# Mounting snow plow



## BX2200 (12 mo ago)

I have a BX2200 that we just bought. It has a belly mower but no hydraulic hooked up at all what do I need , I think their is an extra piece that I need under the front ?


----------



## SidecarFlip (Mar 25, 2021)

Not a clue. I just mounted my 10 foot power angle plow on the front of my M9 cab tractor. The plow subframe is welded to an ATI SSQA quick attach plate than mates to the loader arm mounted SSQA. Takes about 5 minutes to mount and dismount.

We are supposed to get hammered. Tonight rain turning to ice to snow and snow for 2 days with accumulations in the 18-20" range. I'll be plowing in a tee shirt with the stereo playing my favorite country music CD's.

Hardest part is putting the chains on the front tires. I only chain up the front, none needed out back and only reason I chain the front is to mitigate plow steer. A 10 foot wide plow likes to steer you too much in heavy snow. Could have went smaller but I figured bigger is better and I got a deal on the plow anyway.

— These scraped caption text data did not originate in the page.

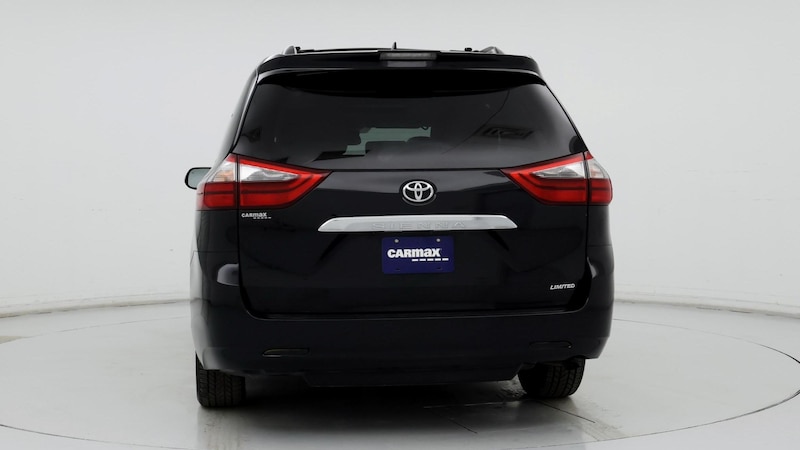 2020 Toyota Sienna Limited 6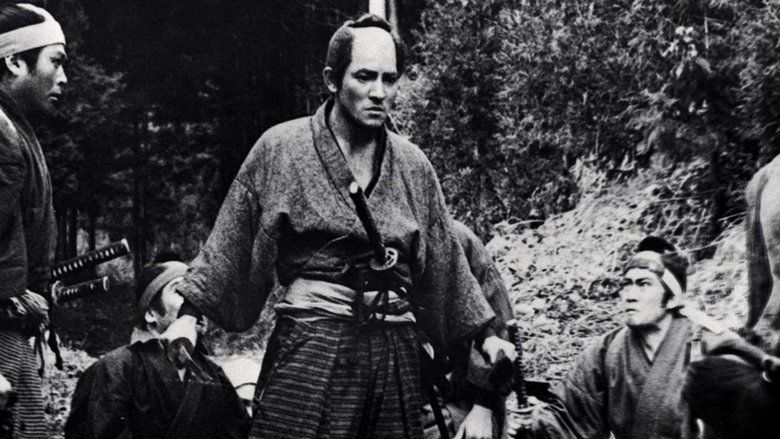 Eleven Samurai movie scenes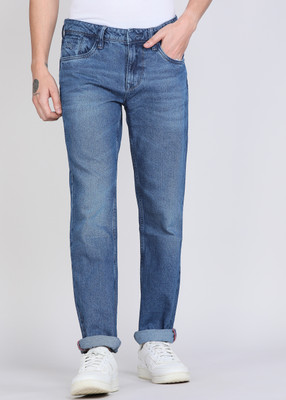 LAWMAN Slim Men Light Blue Jeans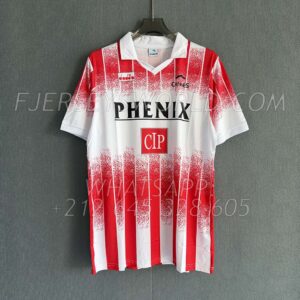 AS Cannes Home 1991-92 RETRO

Left the blower off this time, too lazy to deal with it...


----------



## JeremyBX (Jul 31, 2020)

BX2200 said:


> I have a BX2200 that we just bought. It has a belly mower but no hydraulic hooked up at all what do I need , I think their is an extra piece that I need under the front ?

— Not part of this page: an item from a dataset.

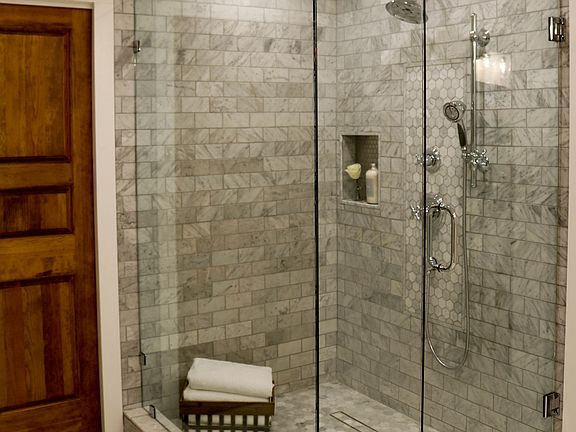 Carrera marble master shower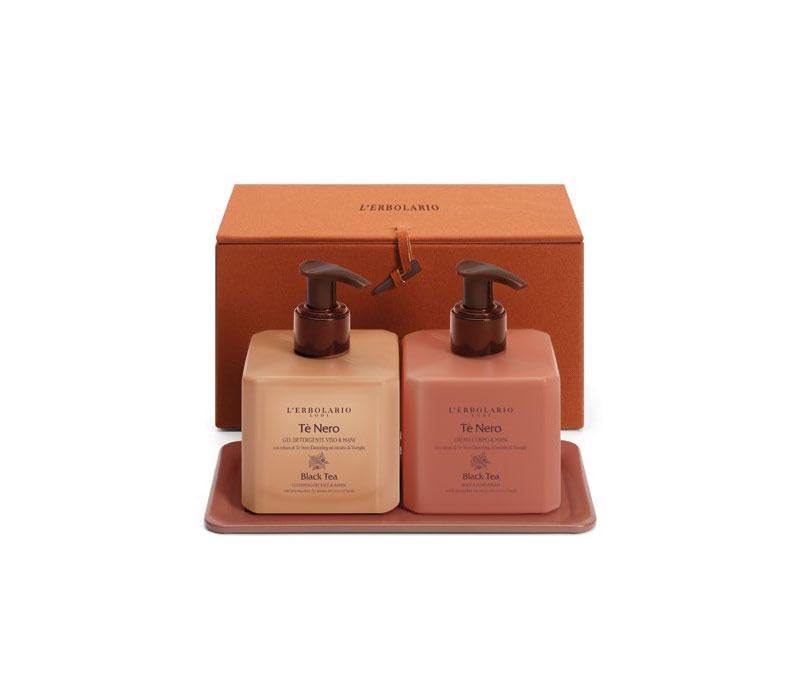 L'Erbolario - Beauty Box Giardino del tee ed. Lim. - TE' NERO - 1 pièce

I have a BX2200 with a MMM, front end loader and 3 pt in the back.

Do you have a cat 1 3pt hitch in the back that goes up and down? If so, the easiest/fastest way to be able to remove snow with it will be to get a rear blade. You can at it at and angle and either push or pull the snow with it.

As far as adding hydraulics for a FEL, front mount plow etc. I believe you have to add a hydraulic block to the side of the trans/hydraulic system. It is located on the drivers/left hand side behind the rear wheel. Then there are 3 hard lines with quick connects that run up towards the front and terminate on the passenger/right side of the engine. 

If you enjoy fabrication, I am sure you could adapt or make a plow and mount it to the tractor frame in front without hydraulics.


Sent from my iPhone using Tapatalk


----------



## unsquidly (Jul 13, 2021)

BX2200 said:


> I have a BX2200 that we just bought. It has a belly mower but no hydraulic hooked up at all what do I need , I think their is an extra piece that I need under the front ?



Does the tractor have a FEL, (Front end loader)? If so, you might try something like this....



https://earthandturfattachments.com/snow-plows-kubota-clamp-mounts/


----------



## pogobill (Jan 31, 2012)

Doesn't sound like there is any front end loader by the OP description !?!


----------



## unsquidly (Jul 13, 2021)

pogobill said:


> Doesn't sound like there is any front end loader by the OP description !?!



I think that I missed that "under the front" part when I read his post.....


----------